On the other hand, the broad shRNA screen found that oxidative phosphorylation genes were key knockdown targets impairing the growth and/or viability of EpiR cells. We confirmed through functional assays that EpiR cells have elevated mitochondrial respiration rates compared to both Control and DoxR cells (Figure 3a,b), and that they have a markedly increased mitochondrial volume (Figure 3i) and OXPHOS capacity (Figure 3f-h).

We proposed that PGC-1α contribute to these distinct adaptations, given that it is known to regulate mitochondrial biogenesis (Wu, 1999, https://doi.org/10.1016/s00928674(00)80611-x), OXPHOS (Mootha, 2003, https://doi.org/10.1038/ng1180), and glutathione synthesis (Guo, 2018, https://doi.org/10.1016/j.nbd.2018.02.004). PGC-1α is also well known to have context-dependent roles in different tissues, cancer types, and in response to different treatments / stimuli (https://dx.doi.org/10.3389%2Ffonc.2018.00075). Indeed, EpiR cells had a significantly greater expression of PGC-1α (Figure 3j), commensurate with their elevated mitochondrial volume and OXPHOS rates, and knockdown of PGC-1α/β also significantly decreased the expression of glutathione synthesis genes particularly in DoxR cells (Figure 3o). Knockdown experiments shown in Figure 3l-n further present evidence that PGC-1α is required for survival of both resistant lines in the presence of their respective drug, despite different specific metabolic adaptations downstream.

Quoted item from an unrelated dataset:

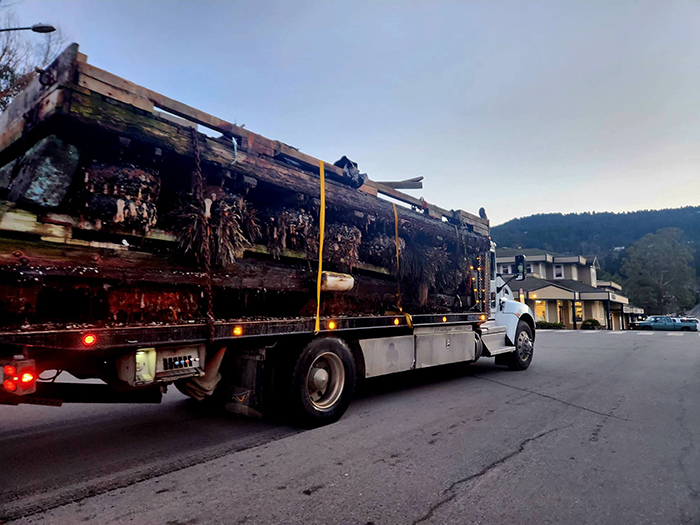 Derelict docks pulled from Ganges Harbour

Might it be the case that their original control population of cells was heterogeneous and exposure of cells to drug over long periods of time simply selected those subclones that were resistant? In such a model, while one gene/metabolic phenotype may be essential to developing resistance (perhaps ABC transporters), the other genes/metabolic phenotypes could be random. Indeed, based on the limited amount of data shown from two experiments, it seems like the metabolic phenotypes of cells exposed to dox for long periods of time are different in separate experiments. For example, the isotope labeling shown in Figure 3 looks very different from the labeling shown in Figure 7. A recent study by Speirs and Price et al. ( doi: 10.18632/oncotarget.26533 ) did a similar experiment without drugs. After selecting subclones of cells from a culture, they found significant differences in metabolic phenotypes. It would be most interesting to compare the genetic and metabolic differences of resistance cells that were selected independently by drugs in separate experiments. This could help better resolve whether the differences observed are essential.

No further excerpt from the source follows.